Blind Channel to Lagoon Cove

June 3,2025 – Tuesday

Thirty minutes of our day were filled with excitement as we approached the entrance to Port Neville. Just as we arrived, more than forty sailboats were making their way out, continuing their journey in the 2025 Van Isle 360 International Yacht Race. This prestigious race, which began on May 31st and will conclude on June 14th, 2025, is a grueling 580-nautical-mile circumnavigation of Vancouver Island. According to their website, the race starts and ends in Nanaimo, with stops in Comox, Campbell River, Telegraph Cove, Port Hardy, Ucluelet, and Victoria. However, due to weather conditions in Johnstone Strait on Tuesday, the fleet made a stopover at Port Neville.

We were quickly immersed in the breathtaking spectacle of the race—awed by the beauty of the boats and the impressive skill of the sailors—while also navigating the challenge of staying clear of their path. With competitors tacking from one side of Johnstone Strait to the other, maneuvering through the water became an exhilarating task. To minimize interference, we chose to hug the mainland side as closely as possible, successfully making it through without incident.

Note: I came across an update on the race’s Facebook page that helps explain why we stayed at Blind Channel Resort for three nights—Johnstone Strait is not a place to challenge when the weather is unfavorable.

Update on competitors – June 3, 2025 (Van Isle 360)

The past three days have seen highly competitive racing, with strong breezes propelling the fleet forward. On Monday, conditions from Deepwater Bay—across from Brown’s Bay Resort—to Kelsey Bay Pier proved especially challenging. Wind against tide created massive standing waves in Race Passage, rivaling the 2015 race’s turbulent waters, when winds sustained at 35 knots for three days straight.

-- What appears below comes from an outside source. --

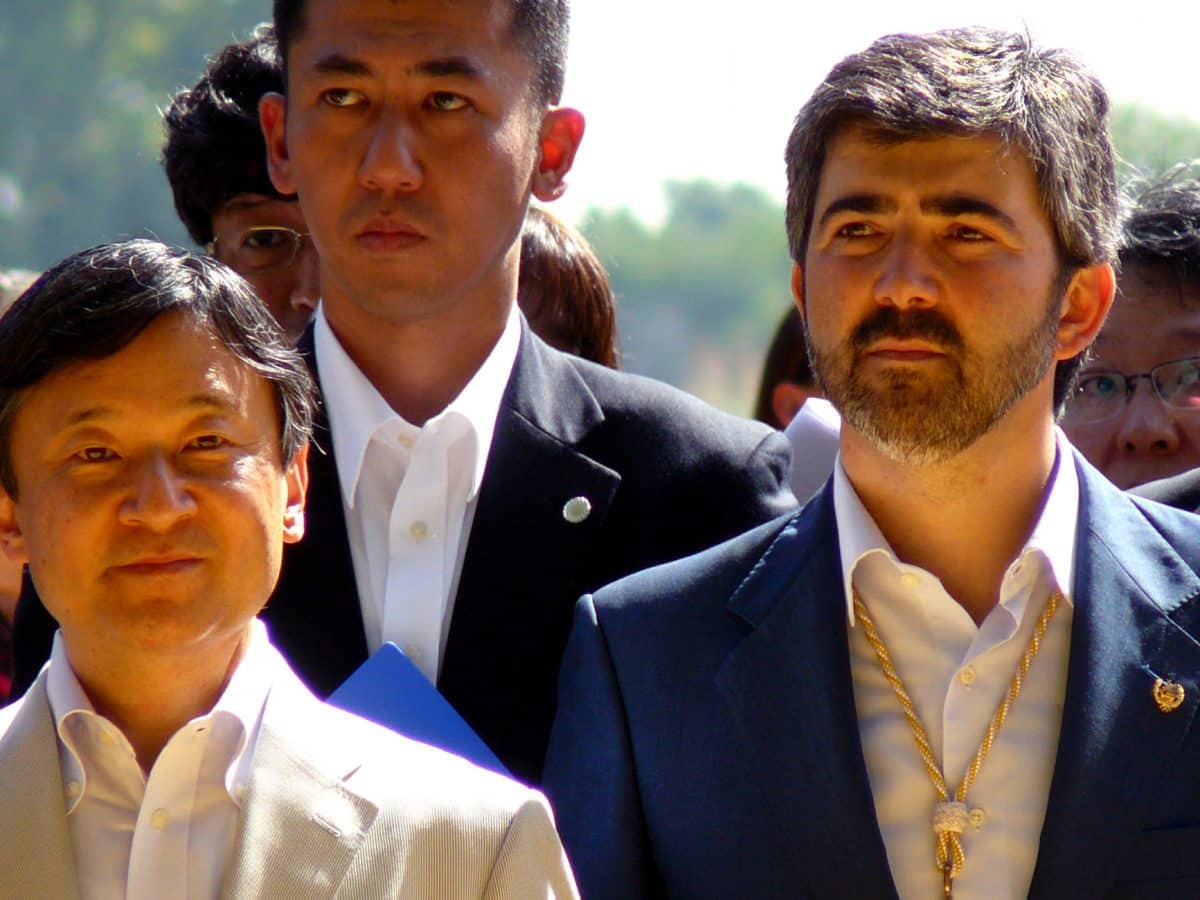 Modesto González junto al Príncipe Naruhito de Japón junto a la ribera del Guadalquivir.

Some competitors opted to sail using only their jibs, while others deployed reefed sail plans. Unfortunately, two boats withdrew from the leg—Maelstrom, skippered by Dan Kaseler from Seattle, exited the race, while Ripple, co-skippered by Christina and Justin Wolfe of Orcas Island, returned to Campbell River to assess damage to its masthead instruments. Shadow II completed the leg and continued to Telegraph Cove for sail repairs. Meanwhile, Sorceress, co-skippered by Andrew and Jim Allan, joined the fleet in Browns Bay after a grueling 20-hour motor from Steveston.

In a planned gesture of camaraderie, the race committee intended to deliver refreshments—including a bottle of Gosling’s Rum, courtesy of a sponsor—to the fleet anchored in Port Neville. However, safety concerns forced them to abandon the effort. A large tug arrived at Kelsey Bay marina with its center window—approximately 15 feet off the deck—completely shattered from a wave crashing over the bow, further emphasizing the severity of the conditions. The refreshments will now be delivered to the competitors in Telegraph Cove.

Blind Channel Resort

Arrived May 31-Depart June 3

After a long and demanding fourteen-hour journey from Comox to Blind Channel Resort, we finally arrived, exhausted but exhilarated. Initially, we had planned to stop in Campbell River, but with no guaranteed moorage for the entire weekend, we opted to continue on rather than risk leaving the security of the marina—especially with a forecast of gale-force winds on Sunday.

To safely navigate Seymour Rapids, we had to pause for a few hours until slack tide, but the wait was well worth it. When we finally reached Blind Channel Resort, we were greeted by breathtaking scenery, its rugged beauty making every mile of the journey worthwhile.

Port Townsend

September 18, 2024 – Wednesday

What an extraordinary day it was! The morning began with a touch of tension as we departed from our dock at 6:30 AM. Dawn had just broken, casting a faint light over the bustling bay. We had to remain exceptionally vigilant due to the moving traffic, particularly the numerous rowers enjoying the early hours. By 7:00 AM, we found ourselves in the Strait of Juan de Fuca. The crossing was serene, with gentle one-foot waves and a favorable wind at our backs, making for an exceptionally smooth journey.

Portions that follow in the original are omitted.